◆ Exercise aim:
Give back every entry below, exactly as written.

◆ Material provided:
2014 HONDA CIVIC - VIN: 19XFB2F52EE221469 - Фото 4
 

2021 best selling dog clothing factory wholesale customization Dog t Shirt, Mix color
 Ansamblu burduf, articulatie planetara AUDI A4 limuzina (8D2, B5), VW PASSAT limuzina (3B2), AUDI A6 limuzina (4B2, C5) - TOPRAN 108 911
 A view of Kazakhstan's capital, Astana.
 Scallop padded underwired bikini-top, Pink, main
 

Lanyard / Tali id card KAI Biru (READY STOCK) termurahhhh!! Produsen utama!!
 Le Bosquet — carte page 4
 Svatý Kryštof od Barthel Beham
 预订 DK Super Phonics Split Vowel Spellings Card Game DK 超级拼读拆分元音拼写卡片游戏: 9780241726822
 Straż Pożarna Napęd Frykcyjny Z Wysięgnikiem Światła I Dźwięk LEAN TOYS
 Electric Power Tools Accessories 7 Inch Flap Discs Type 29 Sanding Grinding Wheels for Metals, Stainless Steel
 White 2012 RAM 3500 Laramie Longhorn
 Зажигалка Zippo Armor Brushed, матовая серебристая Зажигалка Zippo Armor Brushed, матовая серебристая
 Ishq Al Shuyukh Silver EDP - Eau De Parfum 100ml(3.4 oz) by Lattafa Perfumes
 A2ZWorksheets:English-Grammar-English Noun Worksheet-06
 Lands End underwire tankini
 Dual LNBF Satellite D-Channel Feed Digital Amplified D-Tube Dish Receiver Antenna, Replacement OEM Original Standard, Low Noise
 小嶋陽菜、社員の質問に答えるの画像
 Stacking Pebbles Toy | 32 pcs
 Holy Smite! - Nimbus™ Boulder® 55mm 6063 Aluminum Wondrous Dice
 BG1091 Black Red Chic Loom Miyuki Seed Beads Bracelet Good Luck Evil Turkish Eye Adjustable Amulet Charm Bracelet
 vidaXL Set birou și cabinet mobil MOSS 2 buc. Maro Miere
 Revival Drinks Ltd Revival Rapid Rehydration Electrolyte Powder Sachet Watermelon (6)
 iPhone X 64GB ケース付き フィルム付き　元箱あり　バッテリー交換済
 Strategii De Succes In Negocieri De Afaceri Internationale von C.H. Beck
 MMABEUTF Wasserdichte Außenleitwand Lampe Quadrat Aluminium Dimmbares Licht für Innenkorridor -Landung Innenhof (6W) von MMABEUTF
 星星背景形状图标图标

◆ Written answer:
2014 HONDA CIVIC - VIN: 19XFB2F52EE221469 - Фото 4
 

2021 best selling dog clothing factory wholesale customization Dog t Shirt, Mix color
 Ansamblu burduf, articulatie planetara AUDI A4 limuzina (8D2, B5), VW PASSAT limuzina (3B2), AUDI A6 limuzina (4B2, C5) - TOPRAN 108 911
 A view of Kazakhstan's capital, Astana.
 Scallop padded underwired bikini-top, Pink, main
 

Lanyard / Tali id card KAI Biru (READY STOCK) termurahhhh!! Produsen utama!!
 Le Bosquet — carte page 4
 Svatý Kryštof od Barthel Beham
 预订 DK Super Phonics Split Vowel Spellings Card Game DK 超级拼读拆分元音拼写卡片游戏: 9780241726822
 Straż Pożarna Napęd Frykcyjny Z Wysięgnikiem Światła I Dźwięk LEAN TOYS
 Electric Power Tools Accessories 7 Inch Flap Discs Type 29 Sanding Grinding Wheels for Metals, Stainless Steel
 White 2012 RAM 3500 Laramie Longhorn
 Зажигалка Zippo Armor Brushed, матовая серебристая Зажигалка Zippo Armor Brushed, матовая серебристая
 Ishq Al Shuyukh Silver EDP - Eau De Parfum 100ml(3.4 oz) by Lattafa Perfumes
 A2ZWorksheets:English-Grammar-English Noun Worksheet-06
 Lands End underwire tankini
 Dual LNBF Satellite D-Channel Feed Digital Amplified D-Tube Dish Receiver Antenna, Replacement OEM Original Standard, Low Noise
 小嶋陽菜、社員の質問に答えるの画像
 Stacking Pebbles Toy | 32 pcs
 Holy Smite! - Nimbus™ Boulder® 55mm 6063 Aluminum Wondrous Dice
 BG1091 Black Red Chic Loom Miyuki Seed Beads Bracelet Good Luck Evil Turkish Eye Adjustable Amulet Charm Bracelet
 vidaXL Set birou și cabinet mobil MOSS 2 buc. Maro Miere
 Revival Drinks Ltd Revival Rapid Rehydration Electrolyte Powder Sachet Watermelon (6)
 iPhone X 64GB ケース付き フィルム付き　元箱あり　バッテリー交換済
 Strategii De Succes In Negocieri De Afaceri Internationale von C.H. Beck
 MMABEUTF Wasserdichte Außenleitwand Lampe Quadrat Aluminium Dimmbares Licht für Innenkorridor -Landung Innenhof (6W) von MMABEUTF
 星星背景形状图标图标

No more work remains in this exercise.